Alessandra Sambo, Jean-François Chauvard, « Droit et société à Venise (XVIe-XVIIIe siècle) », Annales. Histoire, Sciences Sociales, vol. 70, n°4.
Texte intégral
1Le droit vénitien est-il un cas singulier ou le reflet d’une norme européenne, telle est l’une des questions soulevées par ce dossier des Annales. Durant la période moderne, le système judiciaire de Venise évolue et s’adapte en regard d’un territoire qui s’est étendu. Sur décision de Venise est mis en place un État juridictionnel où système juridique vénitien et système juridique des terres acquises cohabitent. Le dossier traité comprend deux articles, chacun met l’accent sur une procédure et permet d’interroger la singularité de ce système juridique par rapport aux autres systèmes européens. Le premier article d’Alessandra Sambo étudie la supplique de délégation qui permet, par une demande, le transfert de l’affaire du système juridique local au système juridique vénitien, afin d’obtenir une concession des Patriciens de Venise.
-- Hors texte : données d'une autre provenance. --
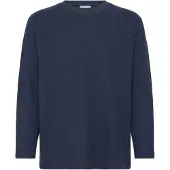 !Solid Langarmshirt SOLID "Langarmshirt SDDanton Waffle", Herren, Gr. L, blau (insignia blau), hüftbedeckend, Shirts Langarmshirt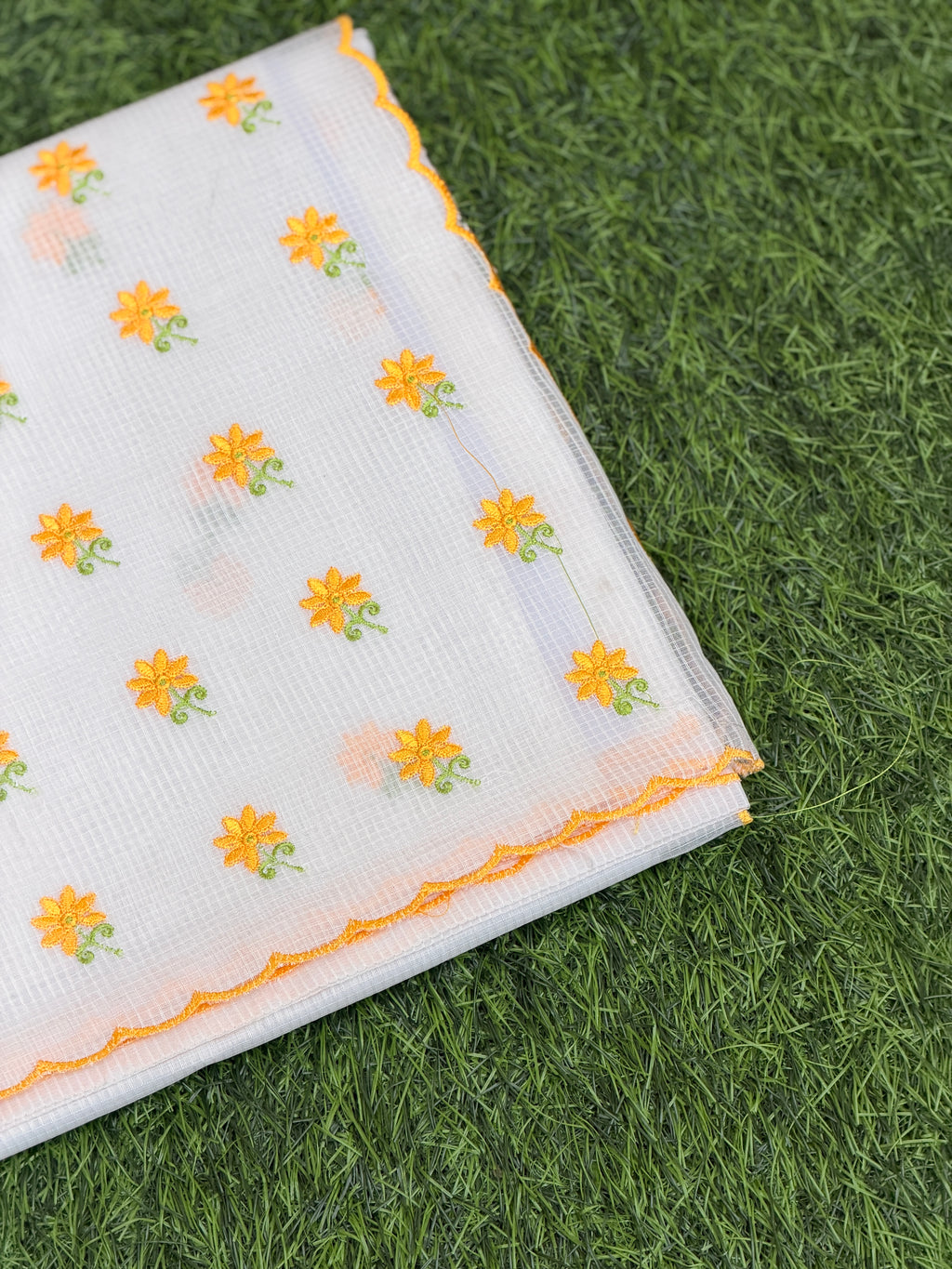Net Kota with Embroidery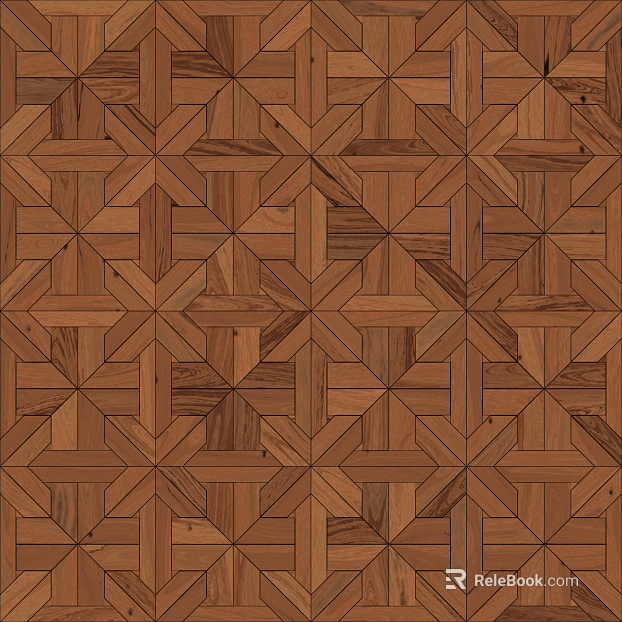 Dark Brown Solid Wood Parquet Floor texture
Le deuxième article de Jean-François Chauvard traite du fidéicommis c’est-à-dire d’une procédure qui permet un maintien du patrimoine grâce à son transfert à une seule personne avec désignation du bénéficiaire suivant.
- 1 Cerrutti, Simona; Vallerani, Massimo (dir.), « Suppliques. Lois et cas dans la normativité de l’épo (...)
- 2 Bellavitis, Anna; Chauvard, Jean-François; Lanaro, Paola (dir.) ; « Fidéicommis. Procédés juridique (...)
- 3 Cogné, Albane ; « Le fidéicommis, un instrument d’immobilisation des patrimoines ? Le cas de la Lom (...)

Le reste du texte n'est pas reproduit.